What the exercise asks: When writing out the listing below, reproduce every word exactly and skip the pictures.

== Input data ==

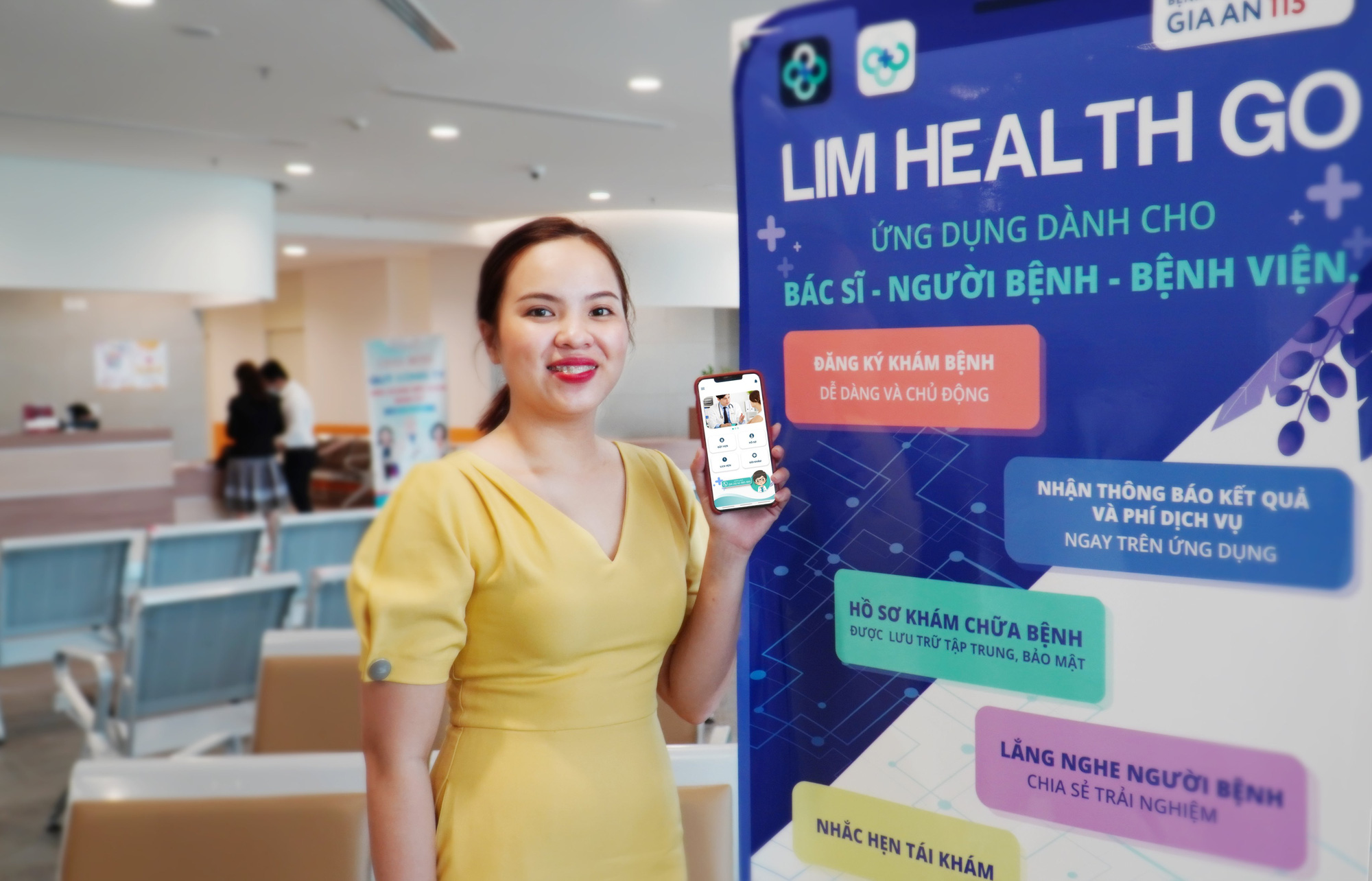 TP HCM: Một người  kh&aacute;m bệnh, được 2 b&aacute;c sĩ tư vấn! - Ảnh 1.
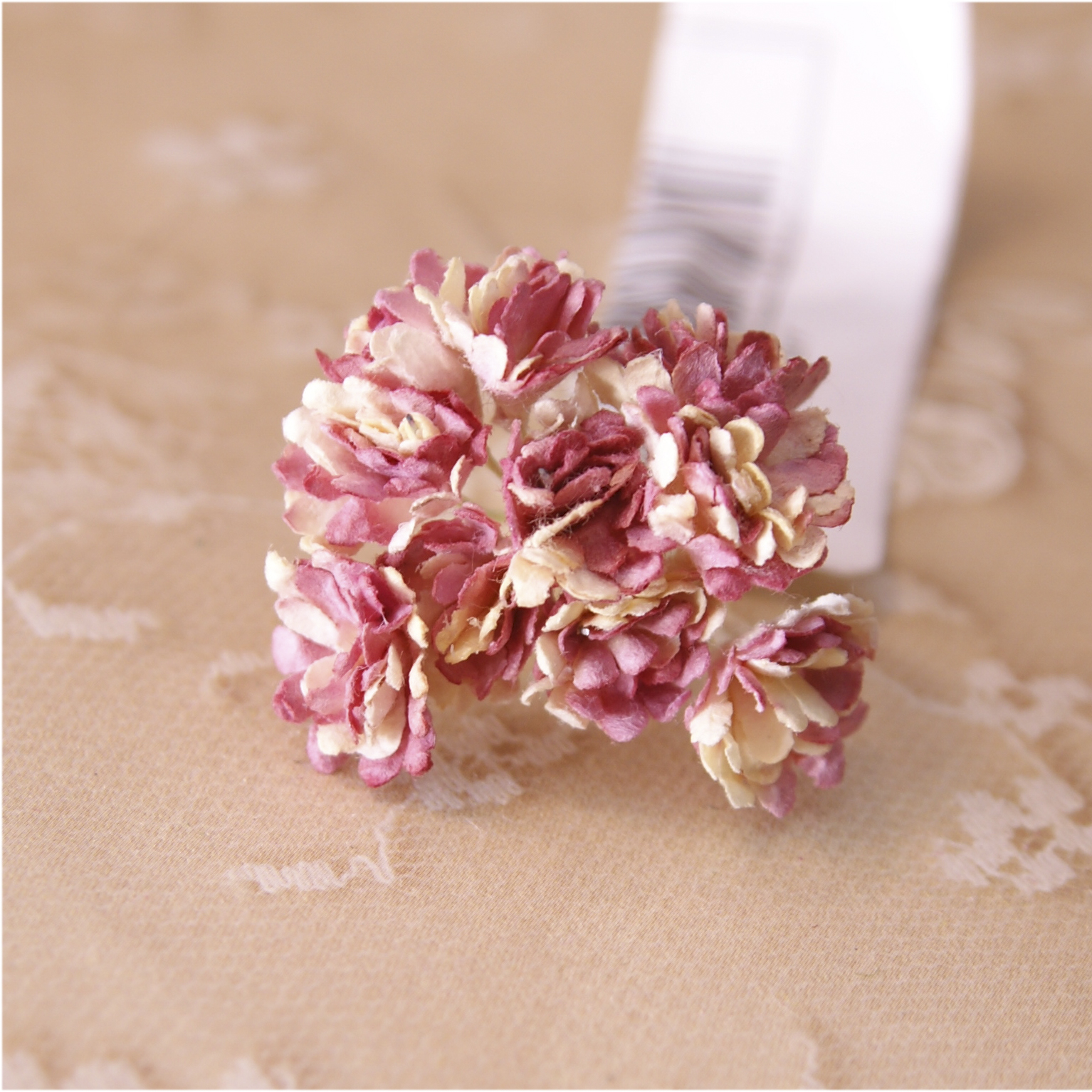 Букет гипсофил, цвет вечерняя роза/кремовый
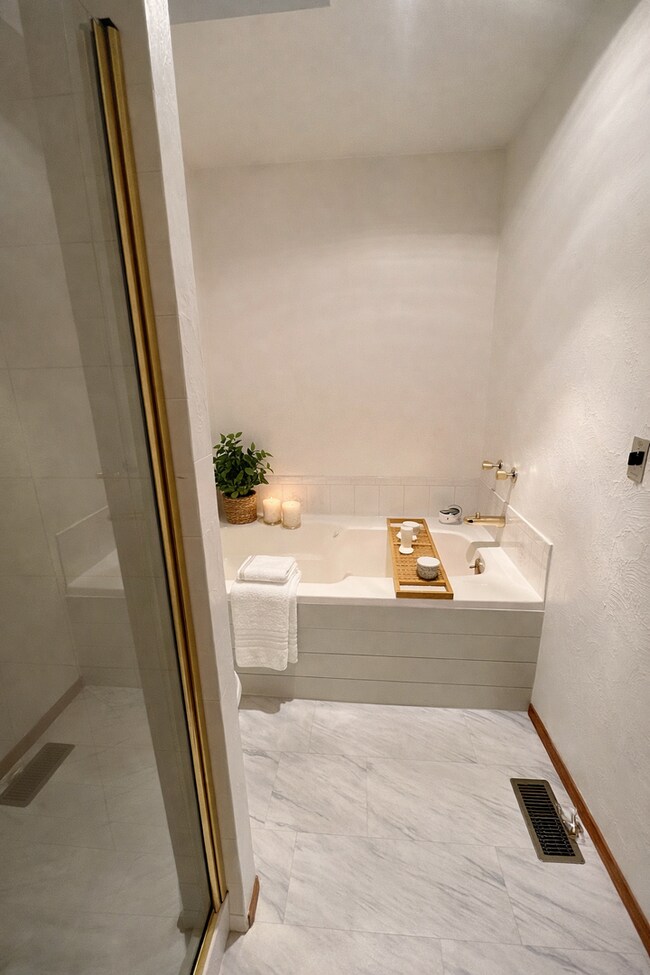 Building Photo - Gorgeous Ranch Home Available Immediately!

===

Written response:
 TP HCM: Một người  kh&aacute;m bệnh, được 2 b&aacute;c sĩ tư vấn! - Ảnh 1.
 Букет гипсофил, цвет вечерняя роза/кремовый
 Building Photo - Gorgeous Ranch Home Available Immediately!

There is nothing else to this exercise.